Provided material:
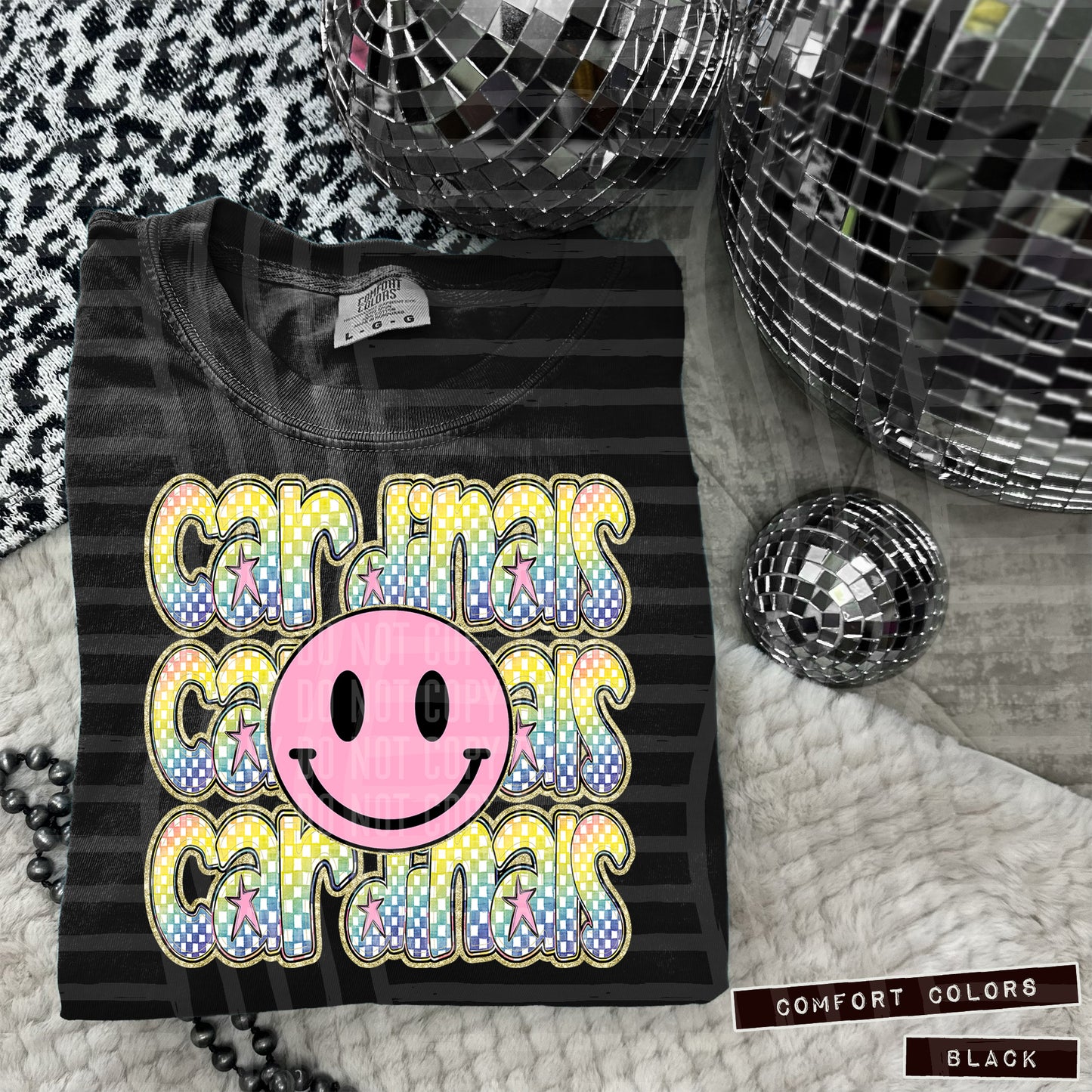 Pink Smiley Triple Stack (Dropdown)- DTF&UV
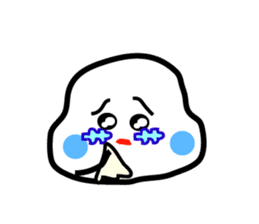 Expression which conveys a feeling sticker #1115951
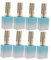 CALLARON Empty Nail Polish Bottles 11.7ml 8 Pack Glass Containers Brush for Professional Manicure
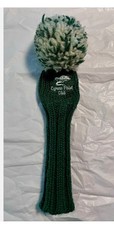 Cypress Point Club Green/white Knit Pom-pom Golf Wood Headcover Personalized picture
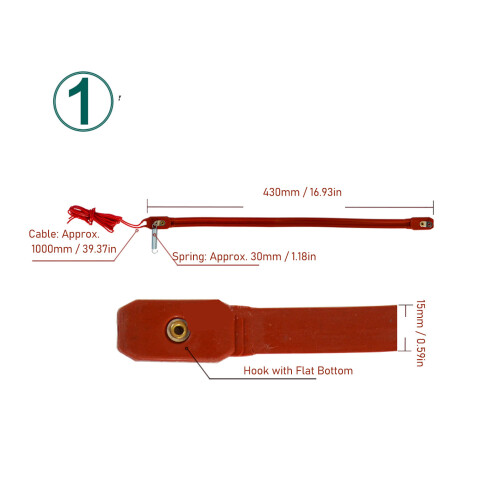 Efficient Pipe Heater Cable 730mm Prevents Freezing with 1m Cord AC 220V 1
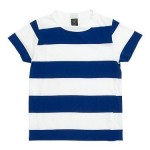 【再入荷】 homspun 30/-天竺太ボーダー 半袖Tシャツ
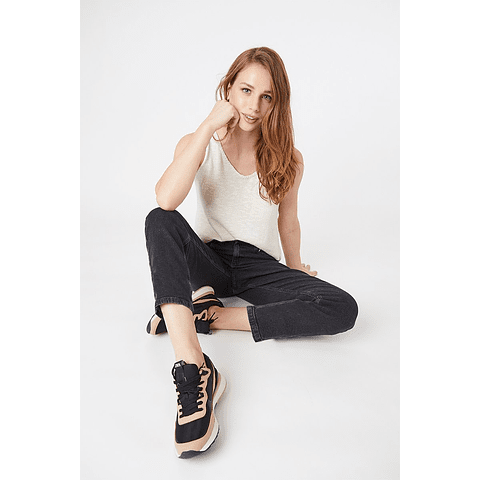 JEANS MOM AMALIA DESGASTE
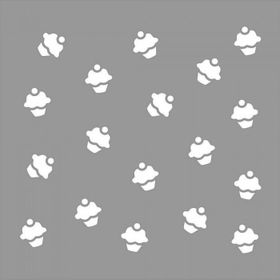 Artikel ST-959 Muffinler Stencil Tasarımı 30x30 cm Kanvas Tablo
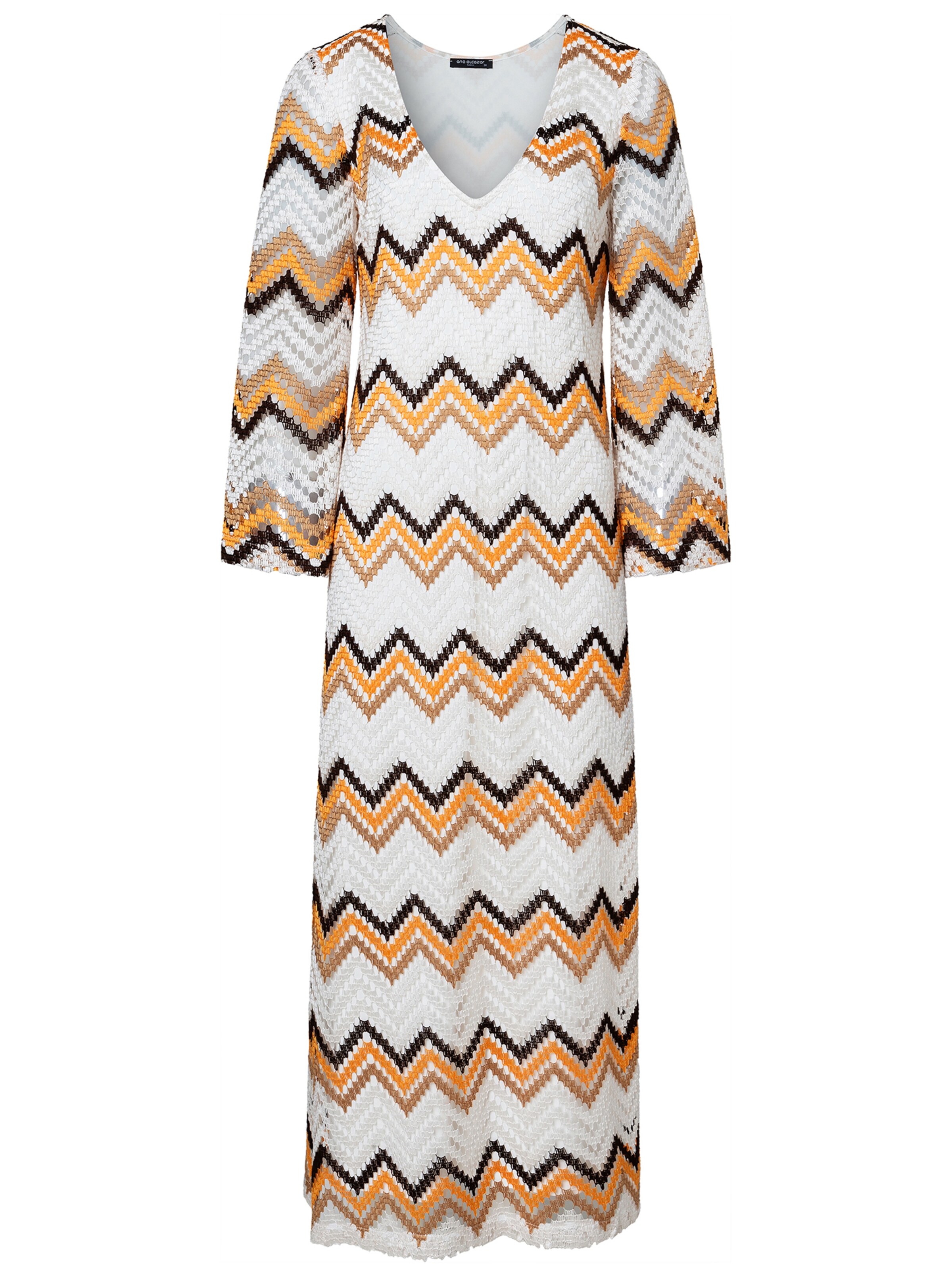 Ana Alcazar Kleid 'Wiwi ' in cappuccino / gelb / weiß, Produktansicht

Directions for this task: Omit every picture, then repeat the remaining data exactly as it appears above.

The completed task:
 Pink Smiley Triple Stack (Dropdown)- DTF&UV
 Expression which conveys a feeling sticker #1115951
 CALLARON Empty Nail Polish Bottles 11.7ml 8 Pack Glass Containers Brush for Professional Manicure
 Cypress Point Club Green/white Knit Pom-pom Golf Wood Headcover Personalized picture
 Efficient Pipe Heater Cable 730mm Prevents Freezing with 1m Cord AC 220V 1
 【再入荷】 homspun 30/-天竺太ボーダー 半袖Tシャツ
 JEANS MOM AMALIA DESGASTE
 Artikel ST-959 Muffinler Stencil Tasarımı 30x30 cm Kanvas Tablo
 Ana Alcazar Kleid 'Wiwi ' in cappuccino / gelb / weiß, Produktansicht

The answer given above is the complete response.